An operation of the conventional semiconductor memory device is described next.
With the semiconductor memory device having the foregoing configuration, in the case where read operation is effected relative to the memory cell, the chip selection signal /CE goes “L”, thereby setting an active state. Accordingly, the PMOS11 and NMOS12 turn ON and OFF, respectively, and the voltage of the node N1 goes “H”. When the voltage of the node N1 goes “H”, the NMOS14 turns ON, and the node N2 is connected to the power supply voltage VCC via the NMOS14 and the PMOS15, thereby increasing the voltage of the node N2. The voltage of the node N2 is fed back to the gate of the NMOS13, so that the NMOS13 turns ON.

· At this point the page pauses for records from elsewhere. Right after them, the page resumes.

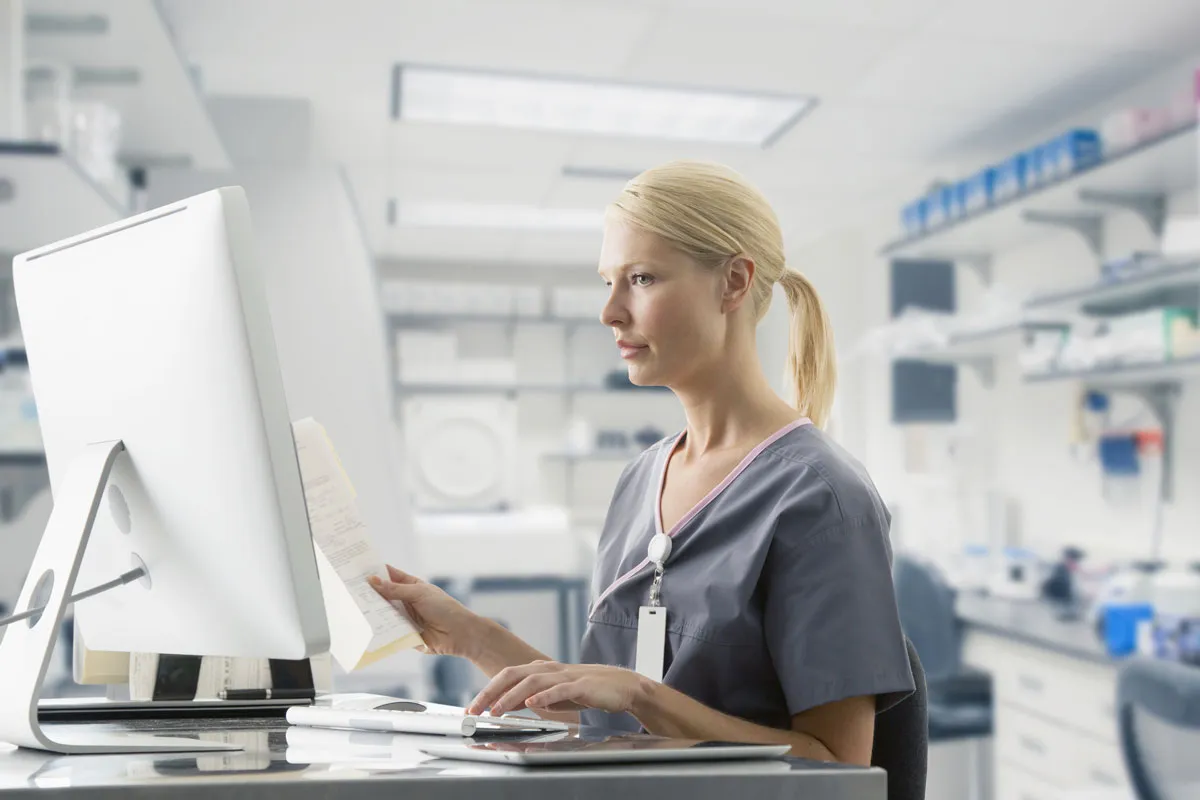 Healthcare professional reviewing documents on a computer for medical coding outsourcing.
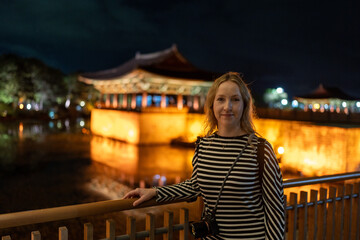 Night in Korea: Woman admires the illuminated Gyeongbokgung Palace across a tranquil pond.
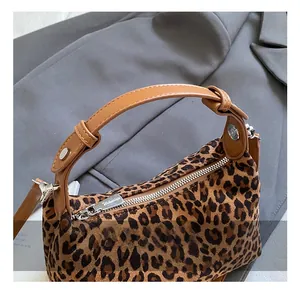 Detailed close-up of leopard print handbag texture with leather handle and metal hardware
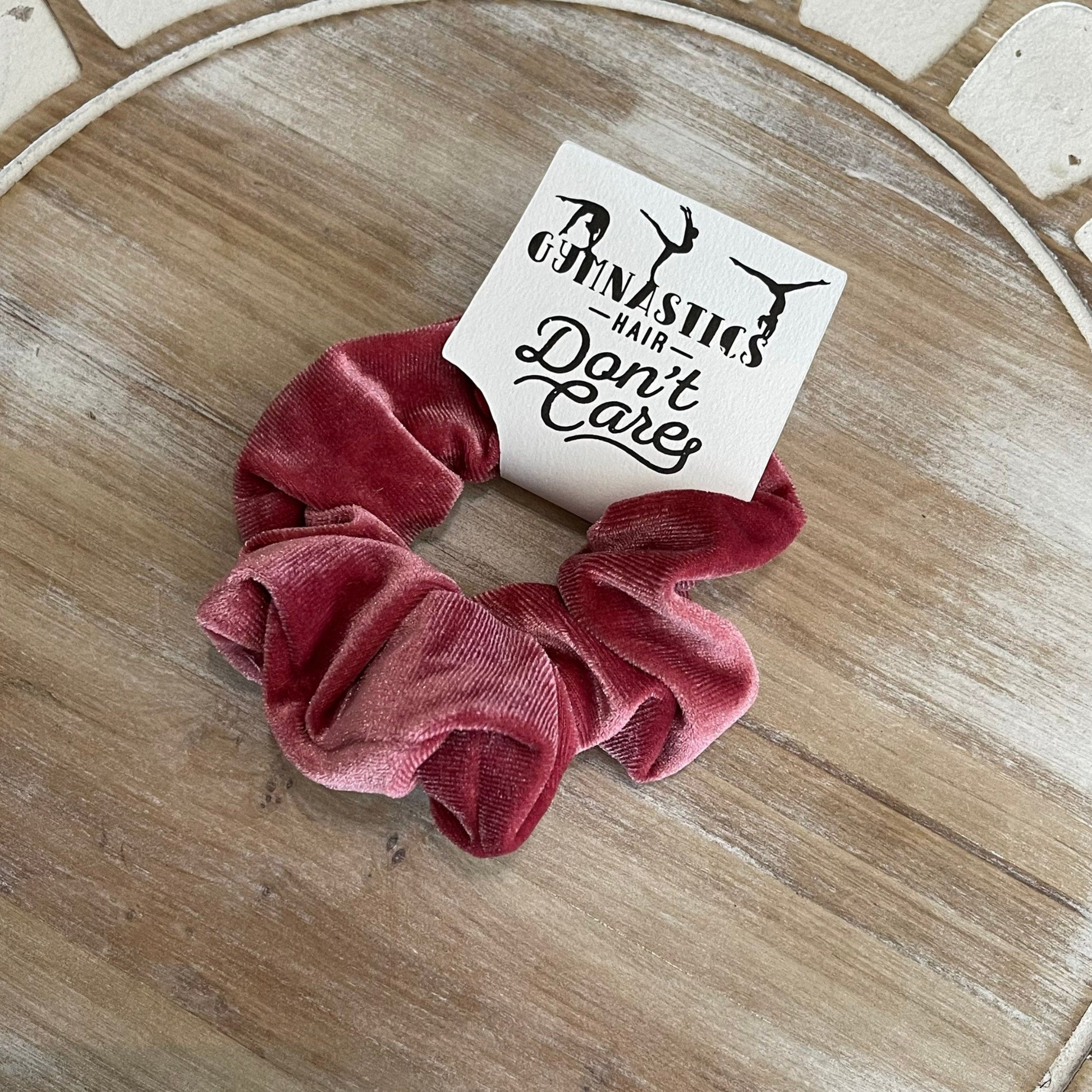 Pink scrunchie with a card reading 'Gymnastics Hair Don't Care' on a wooden surface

As a result, a voltage obtained by dividing the power supply voltage VCC by the PMOS11 and the NMOS13 is outputted to the node N1. The voltage of the node N1 is further applied to the gate of the NMOS14. With such a feedback loop, the drain voltage MCD outputted from the node N2 becomes about 1.2 V which is sufficiently lower than the power supply voltage VCC. Accordingly, there is no fear that data is erroneously written in the memory cell during read operation, so that the memory content is not changed but held in the memory cell.
Meanwhile, in the case where no read operation is effected relative to the semiconductor memory device, the chip selection signal /CE goes “H”, thereby setting a standby state. Accordingly, the PMOS11 and the NMOS12 of the drain voltage generator 10 turn OFF and ON, respectively, and the voltage of the node N1 becomes the ground voltage GND. When the voltage of the node N1 becomes the ground voltage GND, the NMOS14 turns OFF to set the node N2 in an open state. As a result, the drain voltage MCD is not outputted but substantially goes the ground voltage GND owing to leakage resistance and so forth. Accordingly, a drain current does not flow to each memory array MA, thereby reducing a current consumption in the standby state.
However, the conventional semiconductor memory device has following problems.
If the number of memory arrays and bit lines increase as a memory capacity increases, the entire length of wires through which the drain voltage MCD is supplied lengthens, thereby increasing a load caused by a parasitic capacitance of the wires and the like. Accordingly, if a standby state is switched to an active state in response to the chip selection signal /CE, the rising of the drain voltage MCD to be applied to each memory array MA delays, causing a problem that a normal read operation is not effected.